EXERCISE -> For the listing that follows, give again exactly the lines from the one with "Free November word" to the one with "Girl in Pink Jacket Holding a Gift", including both.

BEGIN EXCERPTED RECORDS

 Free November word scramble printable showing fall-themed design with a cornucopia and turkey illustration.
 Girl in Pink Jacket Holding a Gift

END EXCERPTED RECORDS
BEGIN EXCERPTED RECORDS

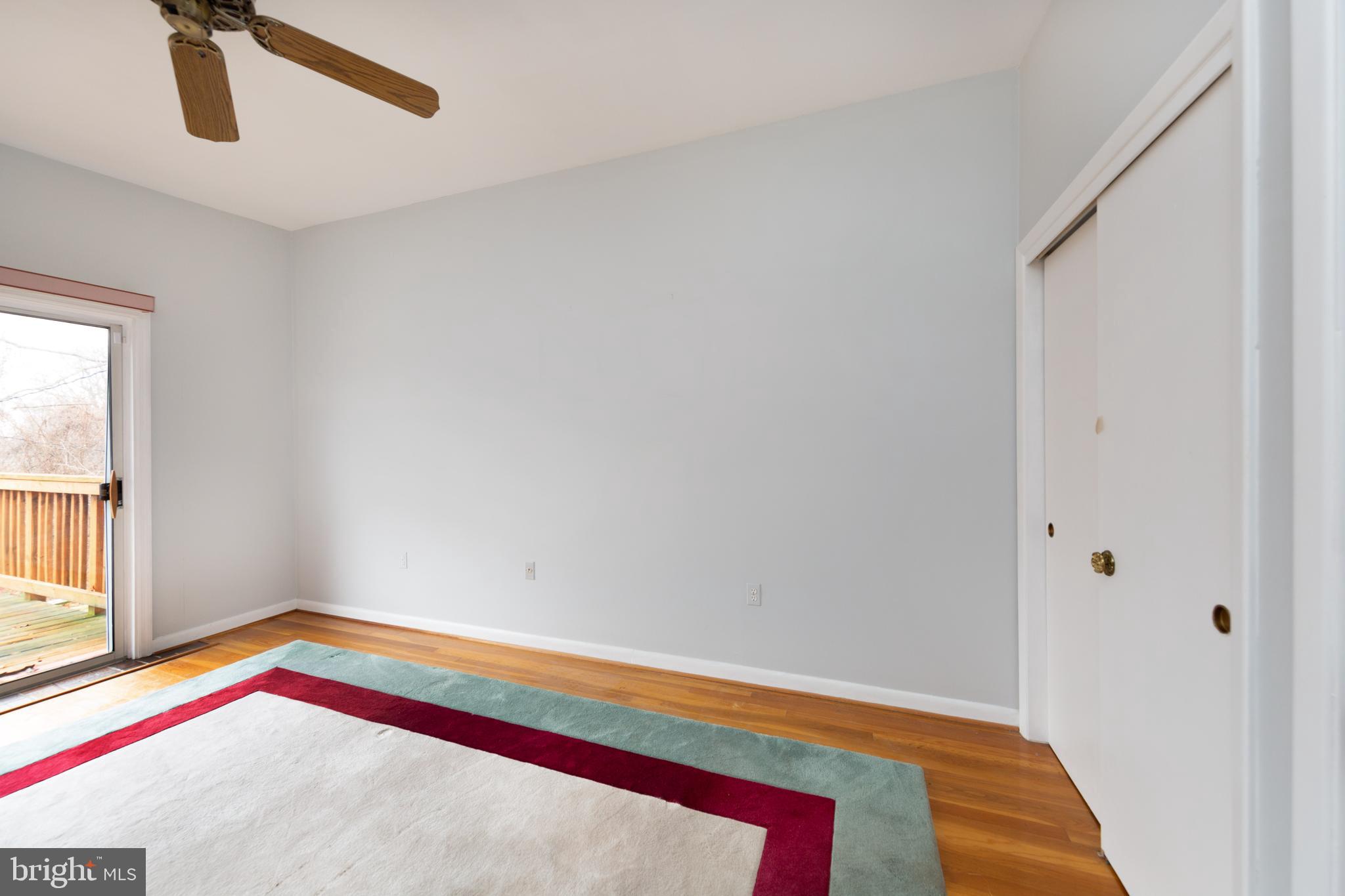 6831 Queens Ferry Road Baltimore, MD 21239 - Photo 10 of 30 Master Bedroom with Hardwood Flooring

END EXCERPTED RECORDS

ANSWER TO THIS PROBLEM ->
 Free November word scramble printable showing fall-themed design with a cornucopia and turkey illustration.
 Girl in Pink Jacket Holding a Gift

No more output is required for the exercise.